Exactly the lines from the one containing "WOOOD - Spisebord" through the end of the listing must make up the answer, with no pictures included.

» **PROVIDED RECORDS**:
──────────
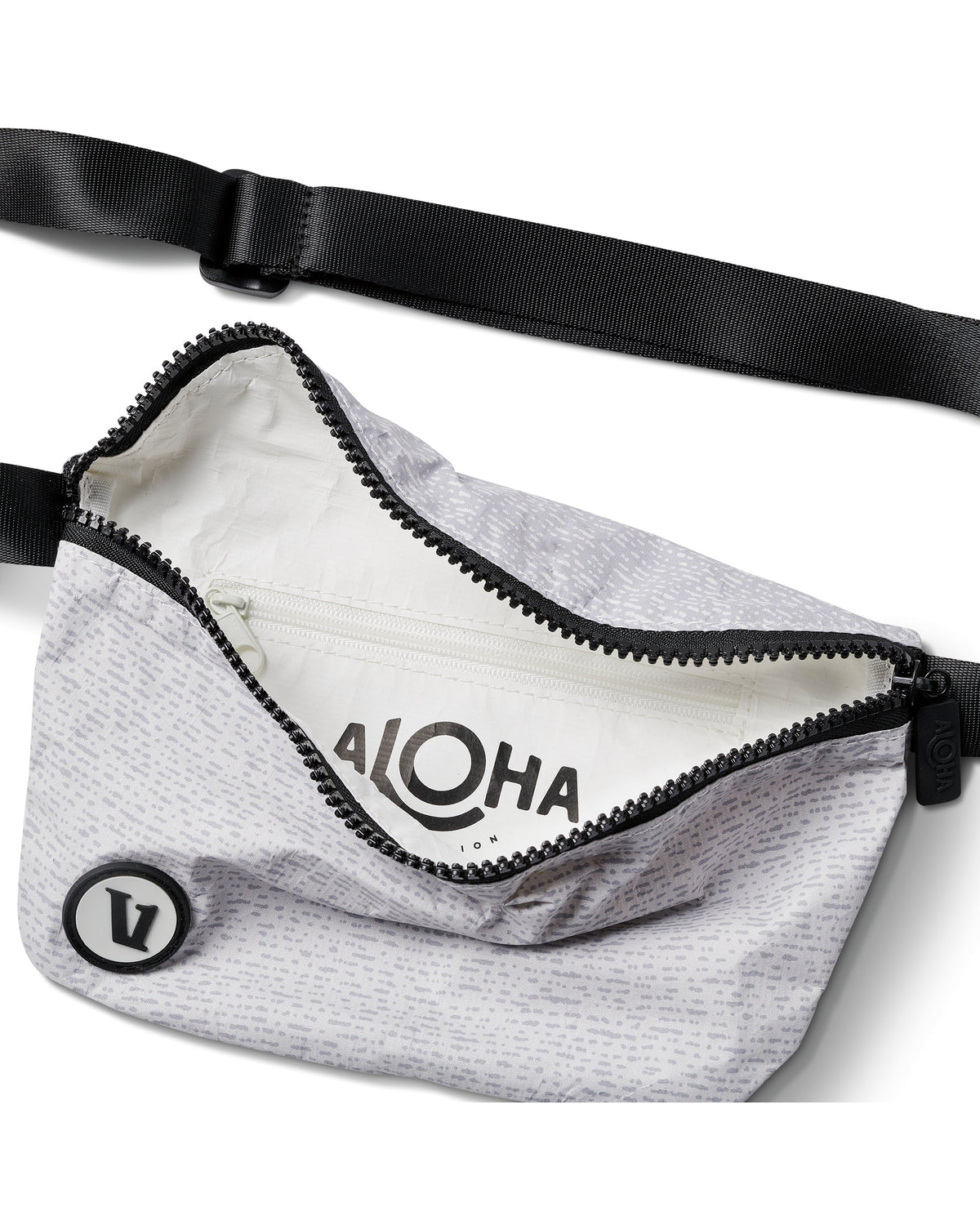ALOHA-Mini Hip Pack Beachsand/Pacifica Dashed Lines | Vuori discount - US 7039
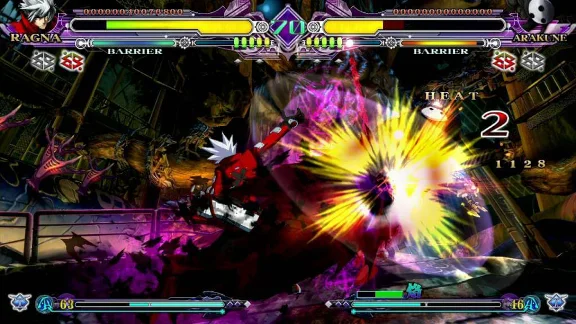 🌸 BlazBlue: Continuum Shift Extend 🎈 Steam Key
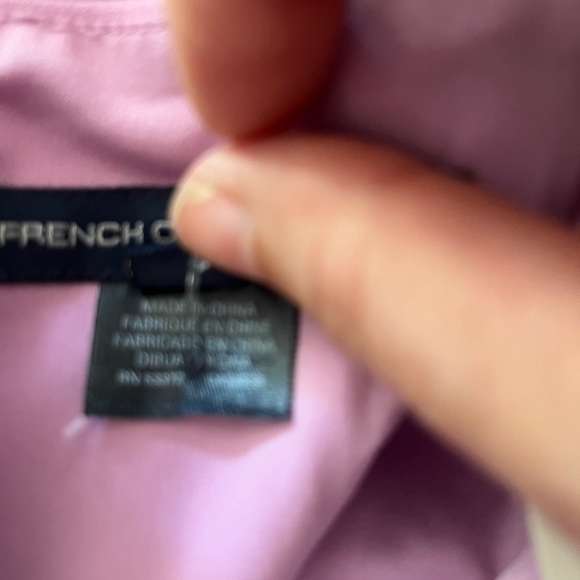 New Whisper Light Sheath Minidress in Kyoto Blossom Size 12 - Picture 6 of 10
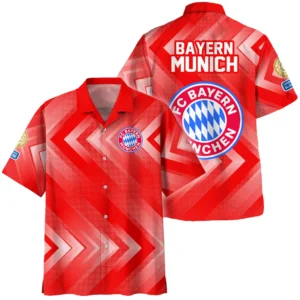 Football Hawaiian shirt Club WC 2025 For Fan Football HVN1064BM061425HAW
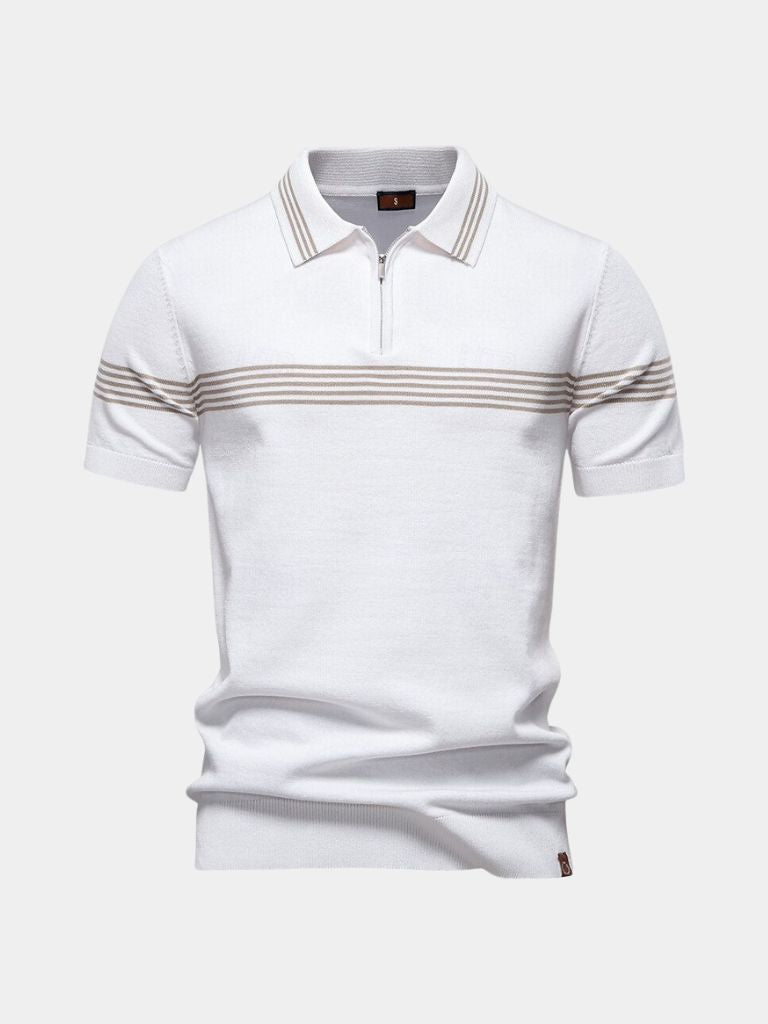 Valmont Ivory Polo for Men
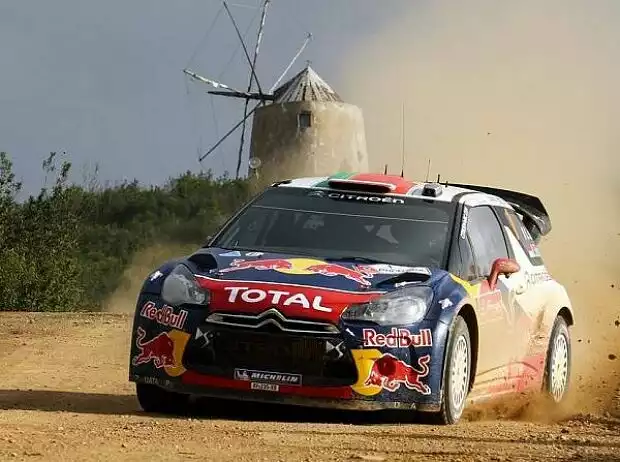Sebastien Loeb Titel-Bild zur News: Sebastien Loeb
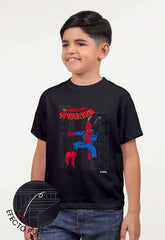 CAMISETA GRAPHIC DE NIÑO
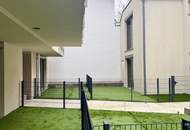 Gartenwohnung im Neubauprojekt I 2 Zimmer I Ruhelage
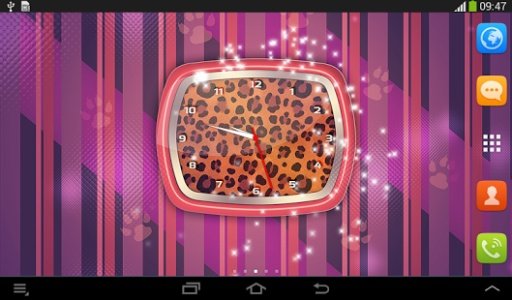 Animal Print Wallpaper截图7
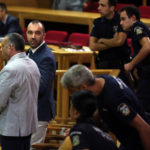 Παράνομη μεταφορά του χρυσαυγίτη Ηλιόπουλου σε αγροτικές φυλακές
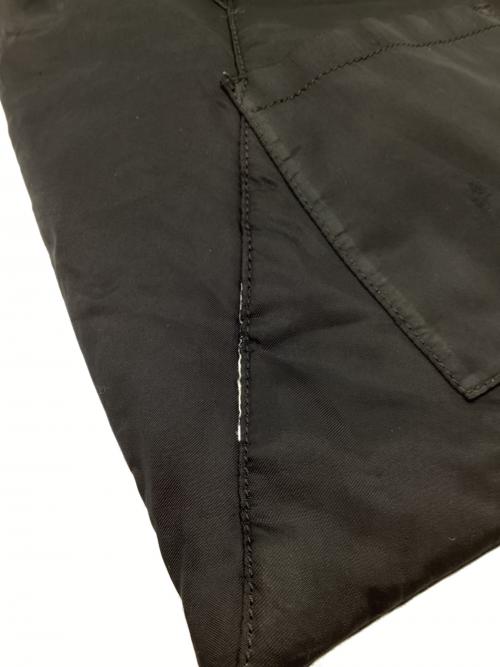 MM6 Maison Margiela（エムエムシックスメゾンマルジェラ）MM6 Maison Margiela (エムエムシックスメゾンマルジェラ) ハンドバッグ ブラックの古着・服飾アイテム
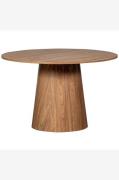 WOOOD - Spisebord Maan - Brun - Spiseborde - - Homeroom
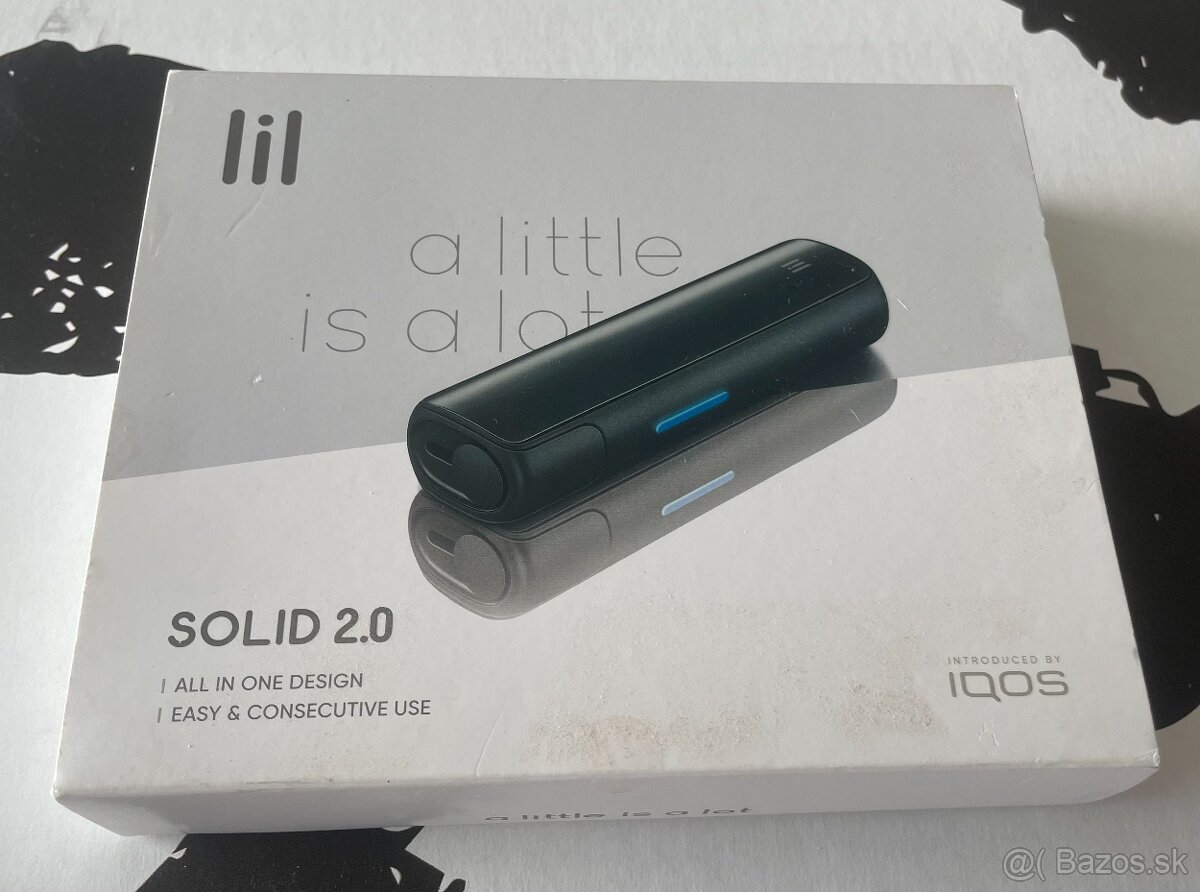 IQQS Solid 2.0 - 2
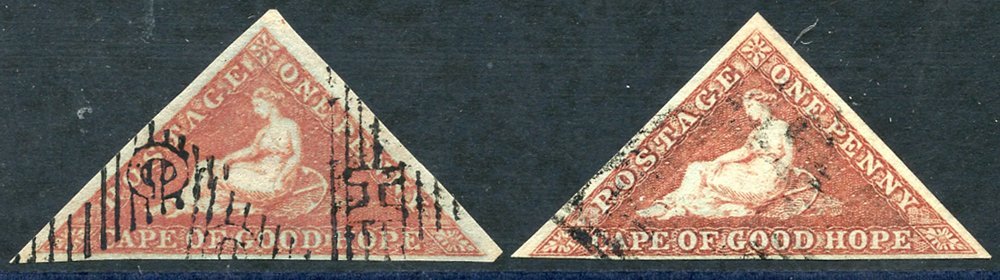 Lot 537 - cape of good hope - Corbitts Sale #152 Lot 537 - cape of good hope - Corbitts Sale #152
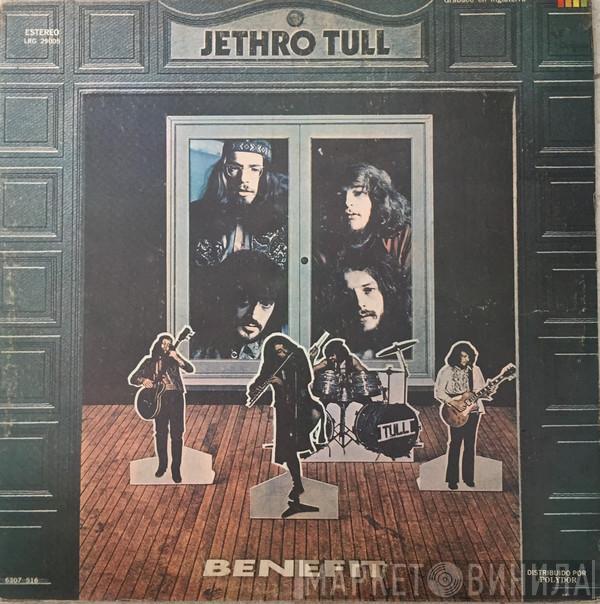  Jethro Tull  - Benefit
──────────
» **SOLUTION TO THE EXERCISE**:
 WOOOD - Spisebord Maan - Brun - Spiseborde - - Homeroom
 IQQS Solid 2.0 - 2
 Lot 537 - cape of good hope - Corbitts Sale #152 Lot 537 - cape of good hope - Corbitts Sale #152
  Jethro Tull  - Benefit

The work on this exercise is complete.